Beginning with the line in which "Dainese Tempest 2" appears, transcribe each line word for word until the records end. Do not include pictures.

--

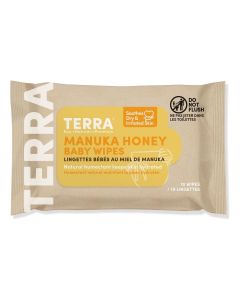 Terra Manuka Honey Baby Wipes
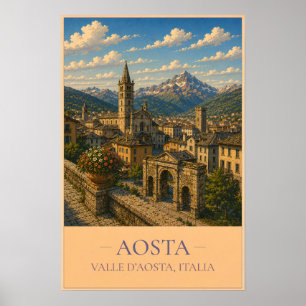Aosta Poster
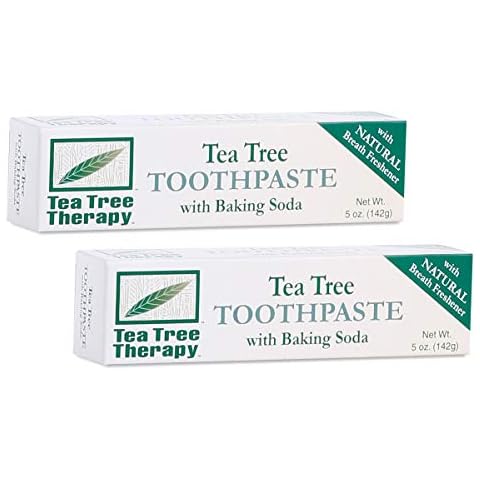 Tea Tree Therapy Toothpaste with Baking Soda 5 Oz (Pack of 2) Cover
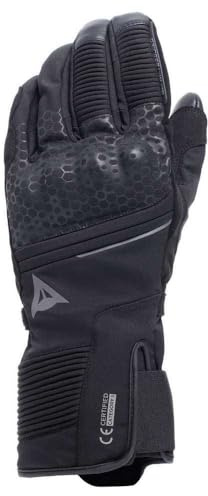 Dainese Tempest 2 D-dry® Long Gloves Guantes de Invierno para Moto, Touring, Impermeables, Pantalla Táctil Hombre (Pack de 1)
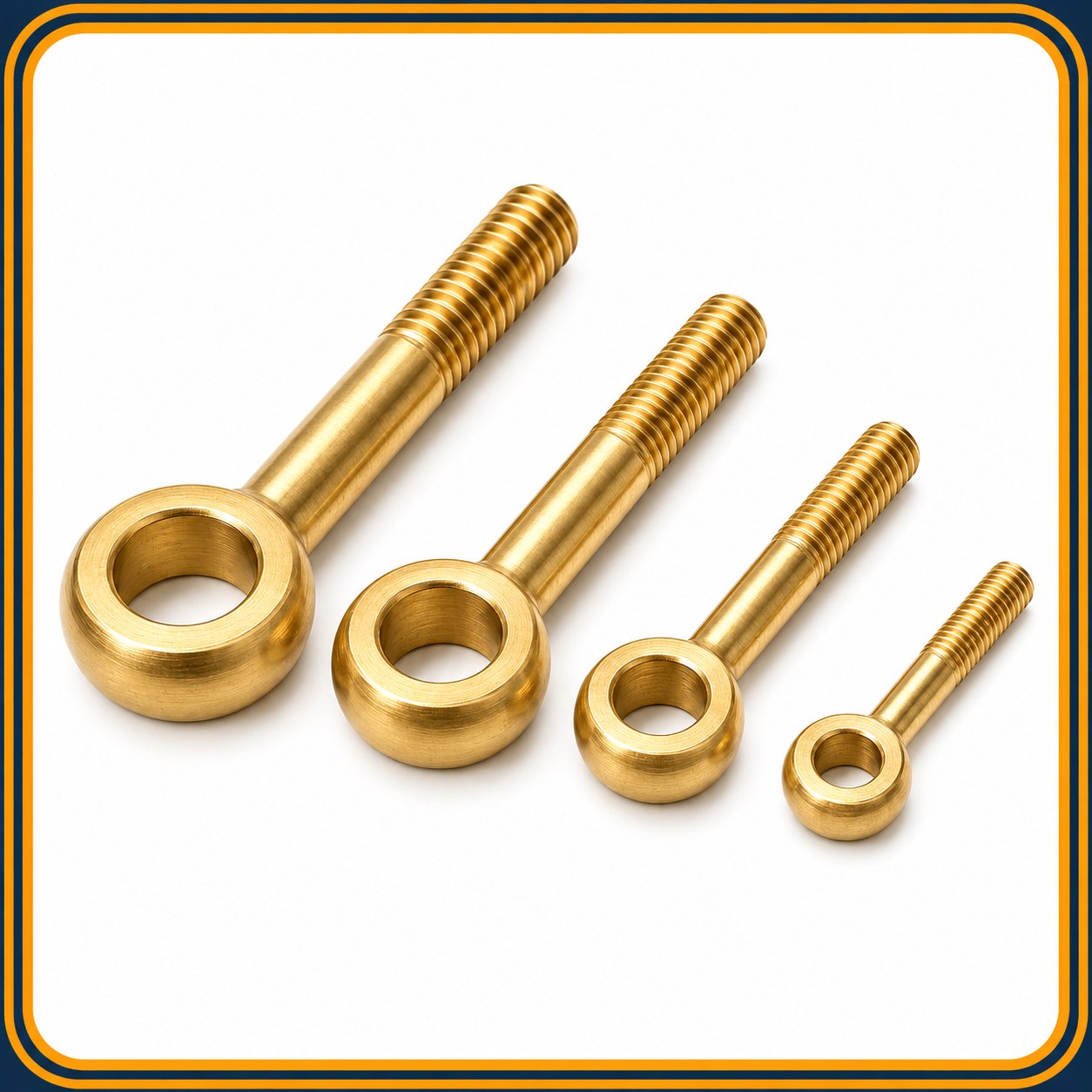Brass Eye Bolts Brass Eye Bolts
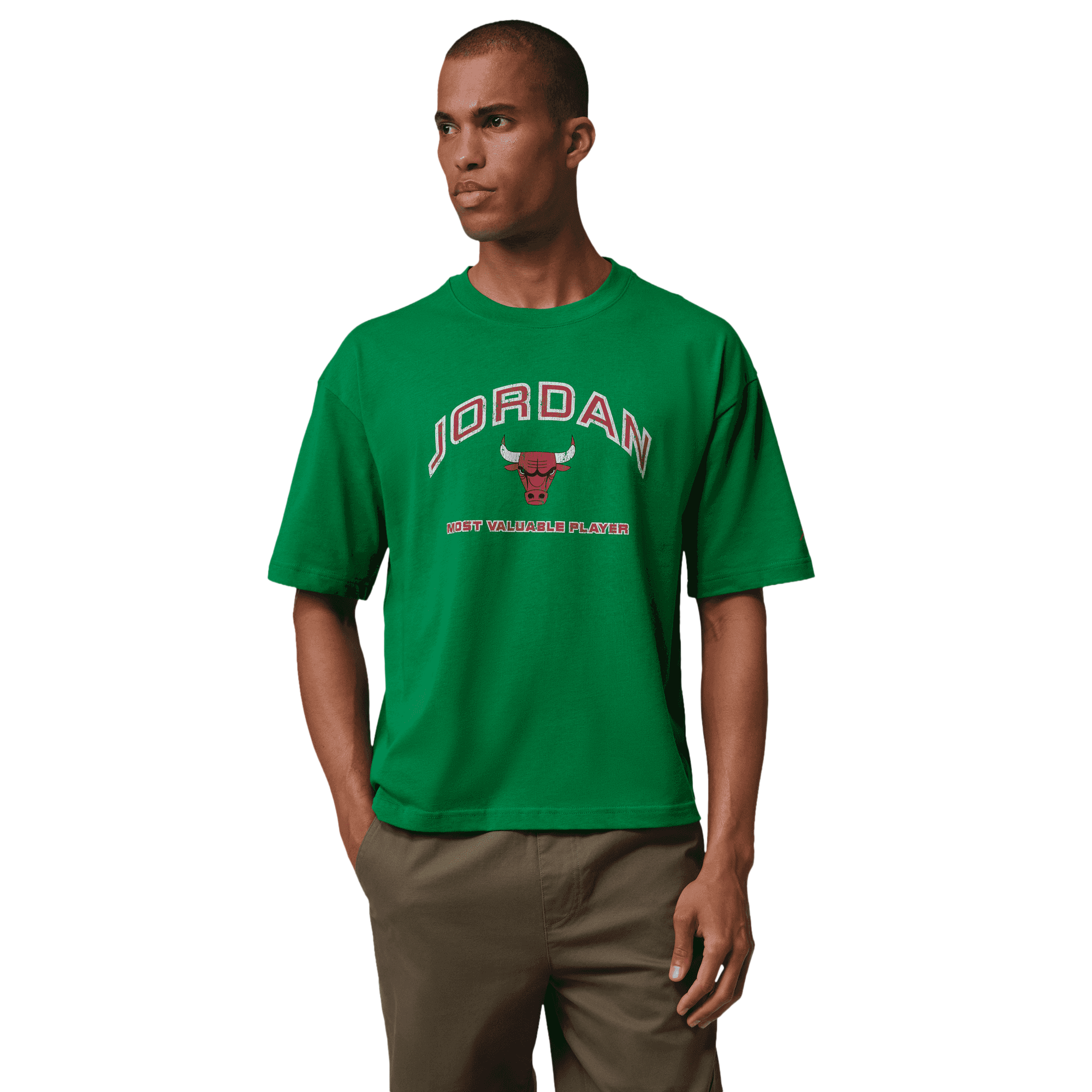 Jordan Flight Essential Boxy Graphic Short Sleeve Crew  - Men's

--

--- Your solution ---
 Dainese Tempest 2 D-dry® Long Gloves Guantes de Invierno para Moto, Touring, Impermeables, Pantalla Táctil Hombre (Pack de 1)
Brass Eye Bolts Brass Eye Bolts
 Jordan Flight Essential Boxy Graphic Short Sleeve Crew  - Men's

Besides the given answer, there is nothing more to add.